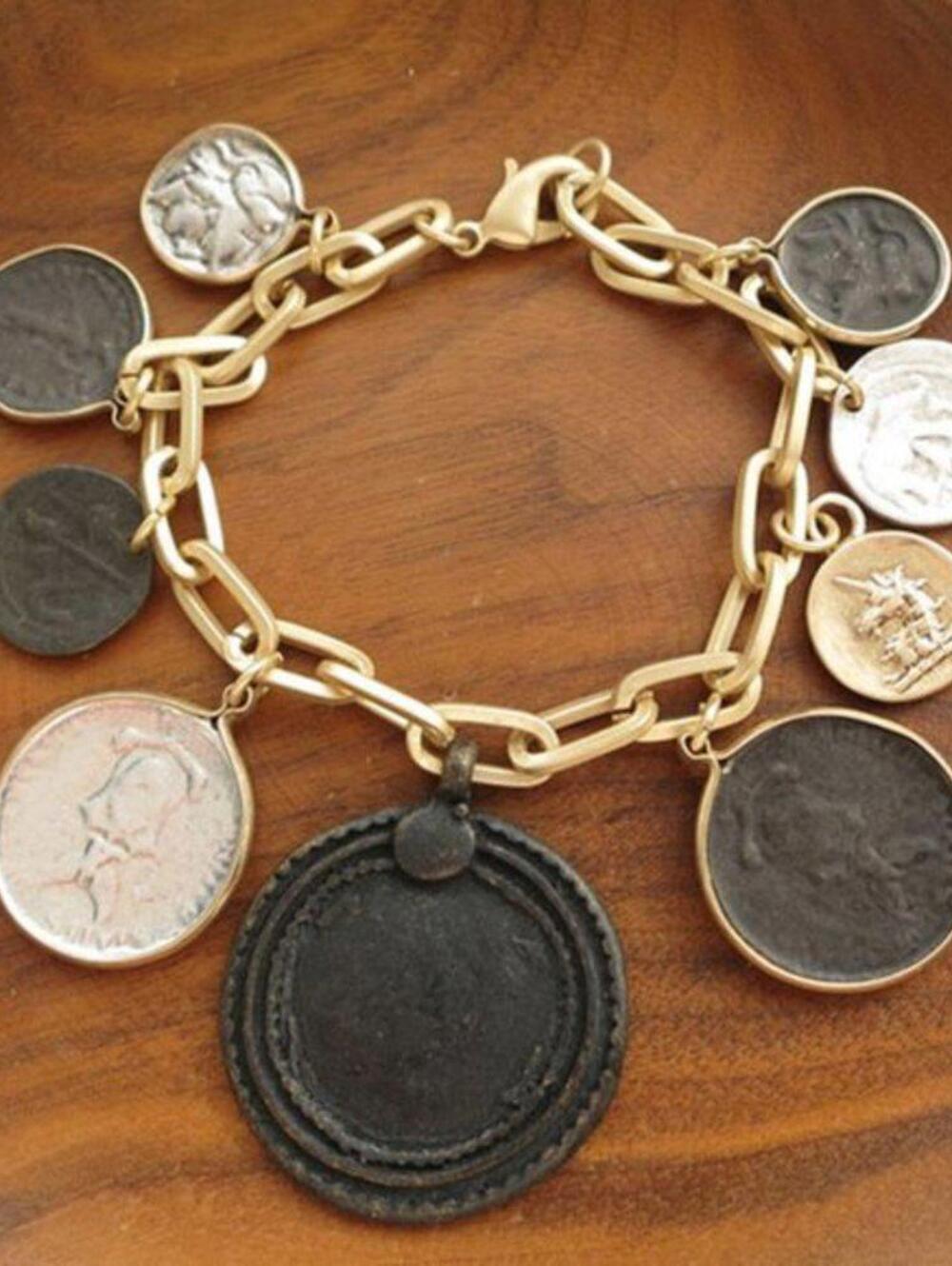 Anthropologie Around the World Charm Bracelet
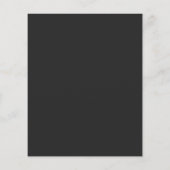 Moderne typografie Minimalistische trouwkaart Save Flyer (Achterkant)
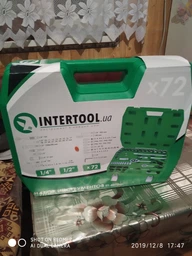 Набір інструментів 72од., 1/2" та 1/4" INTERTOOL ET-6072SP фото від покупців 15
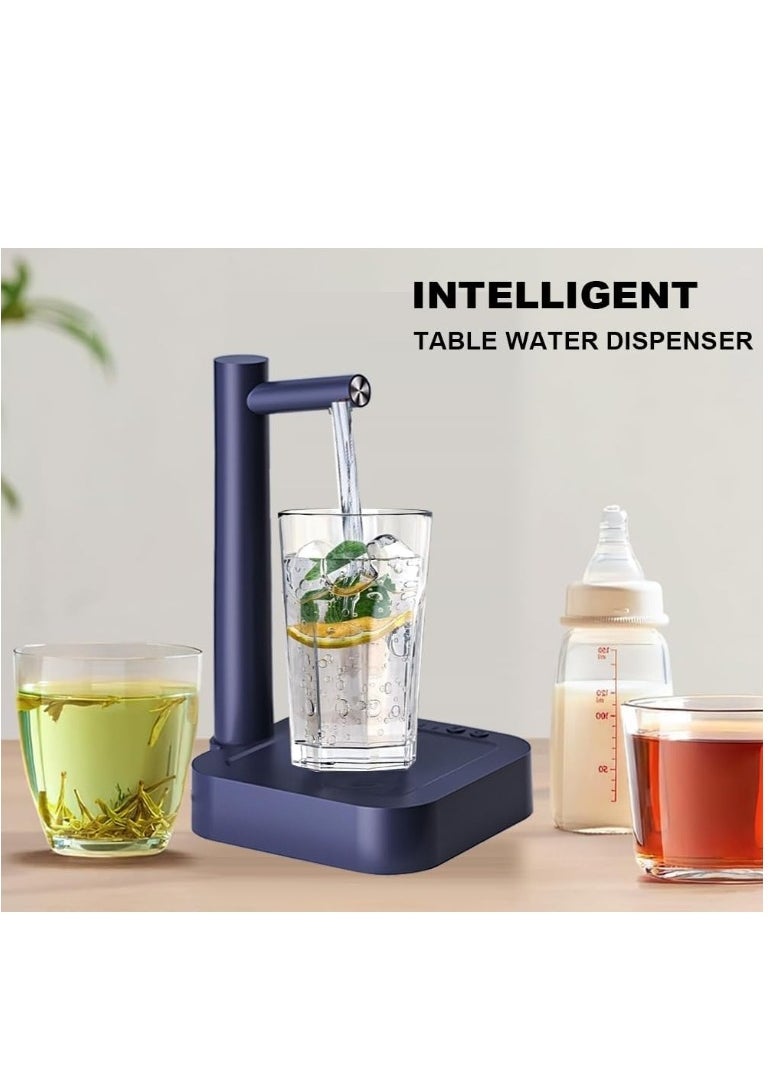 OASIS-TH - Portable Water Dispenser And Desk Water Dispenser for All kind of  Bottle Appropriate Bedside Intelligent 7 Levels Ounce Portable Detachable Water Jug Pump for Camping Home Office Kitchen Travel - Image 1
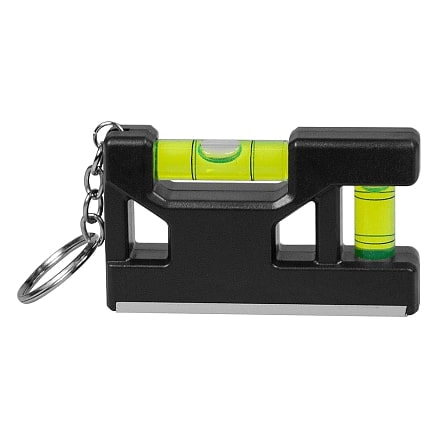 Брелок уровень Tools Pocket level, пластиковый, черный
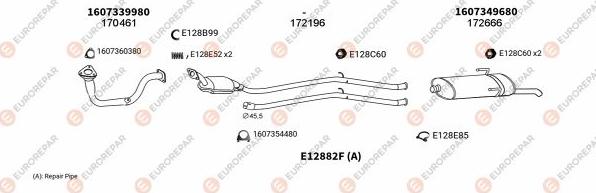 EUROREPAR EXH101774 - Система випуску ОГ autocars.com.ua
------------
* **Assignment**
All of the records need to be restated word for word, but not the pictures.

* **Solution to the problem**
 Anthropologie Around the World Charm Bracelet
 Moderne typografie Minimalistische trouwkaart Save Flyer (Achterkant)
 Набір інструментів 72од., 1/2" та 1/4" INTERTOOL ET-6072SP фото від покупців 15
 OASIS-TH - Portable Water Dispenser And Desk Water Dispenser for All kind of  Bottle Appropriate Bedside Intelligent 7 Levels Ounce Portable Detachable Water Jug Pump for Camping Home Office Kitchen Travel - Image 1
 Брелок уровень Tools Pocket level, пластиковый, черный
 EUROREPAR EXH101774 - Система випуску ОГ autocars.com.ua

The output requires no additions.